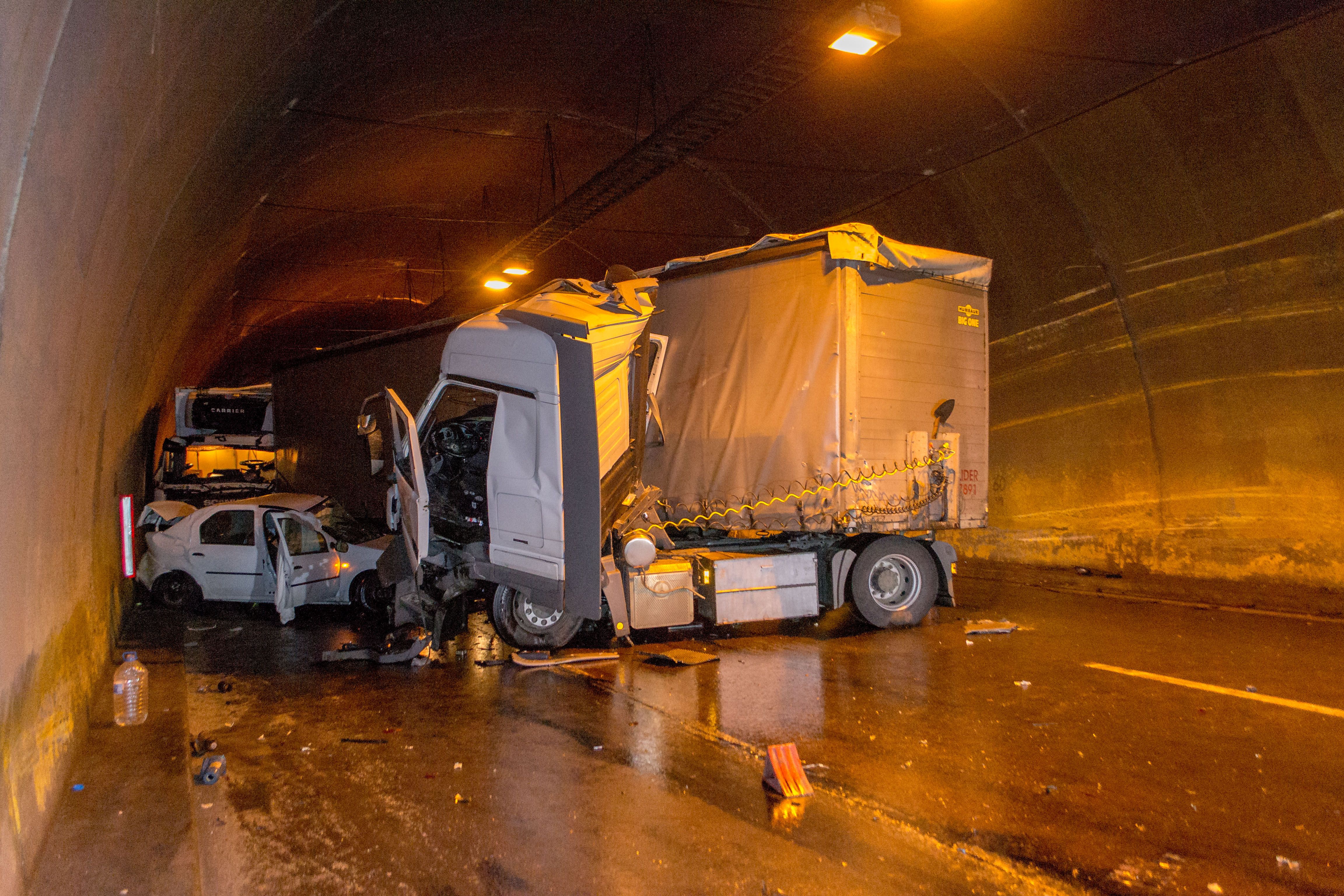 Държавата няма пари, за да направи пълен ремонт на тунелите, въпреки катастрофата на ”Витиня”
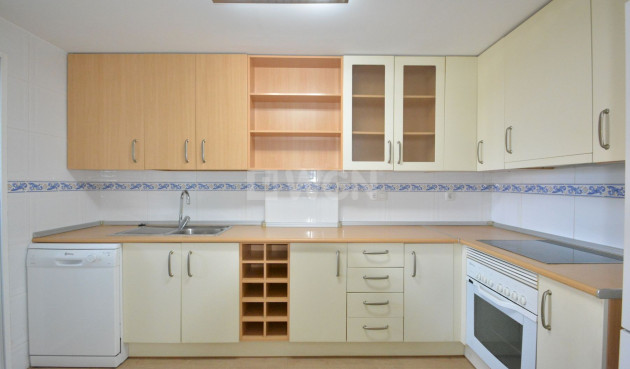 Odsprzedaż - Mieszkanie w bloku - Guardamar del Segura - Costa Blanca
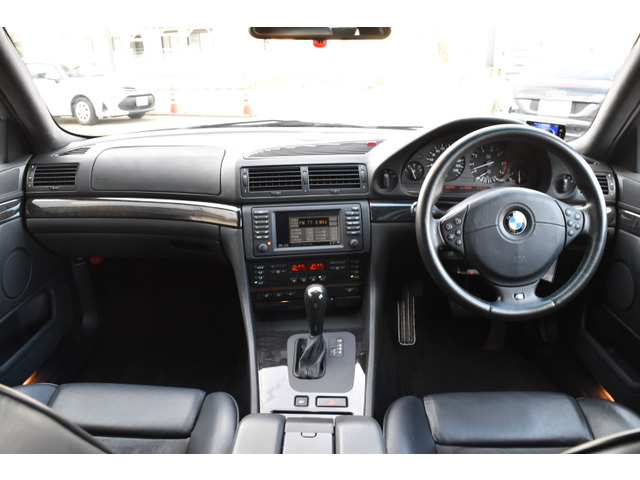 「【諸費用コミ】:2001年 BMW E38後期 735i Mスポーツパッケージ ・純正18AW・純正ナビ・ETC・キーレス・禁煙車」の画像3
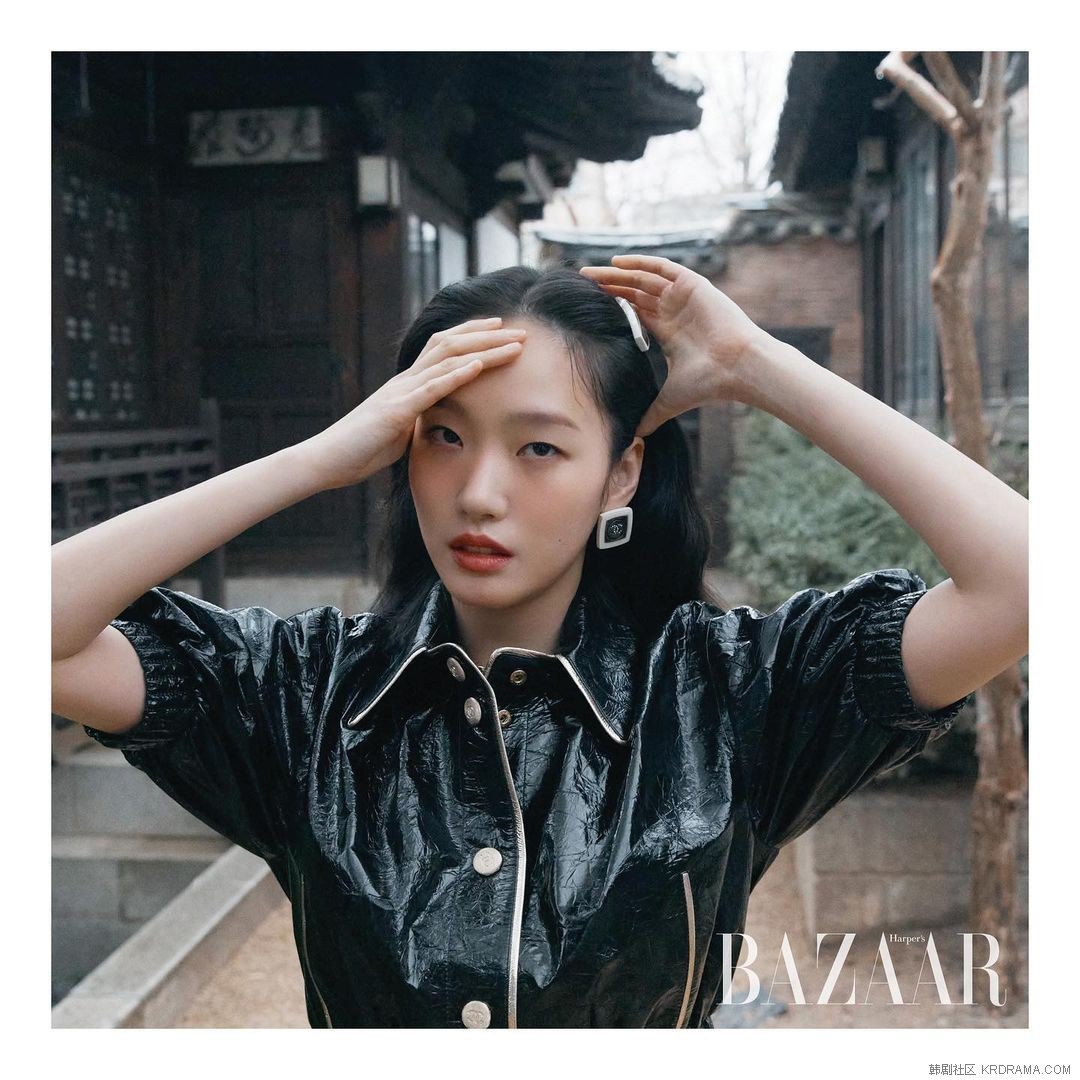 harpersbazaarkorea~p~CbwyPfArgbF~2.jpg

§ **YOUR GOAL**
All of the material shown above needs to be duplicated exactly. Omit every picture.

§ **TASK OUTPUT**
 Държавата няма пари, за да направи пълен ремонт на тунелите, въпреки катастрофата на ”Витиня”
 Odsprzedaż - Mieszkanie w bloku - Guardamar del Segura - Costa Blanca
 「【諸費用コミ】:2001年 BMW E38後期 735i Mスポーツパッケージ ・純正18AW・純正ナビ・ETC・キーレス・禁煙車」の画像3
 harpersbazaarkorea~p~CbwyPfArgbF~2.jpg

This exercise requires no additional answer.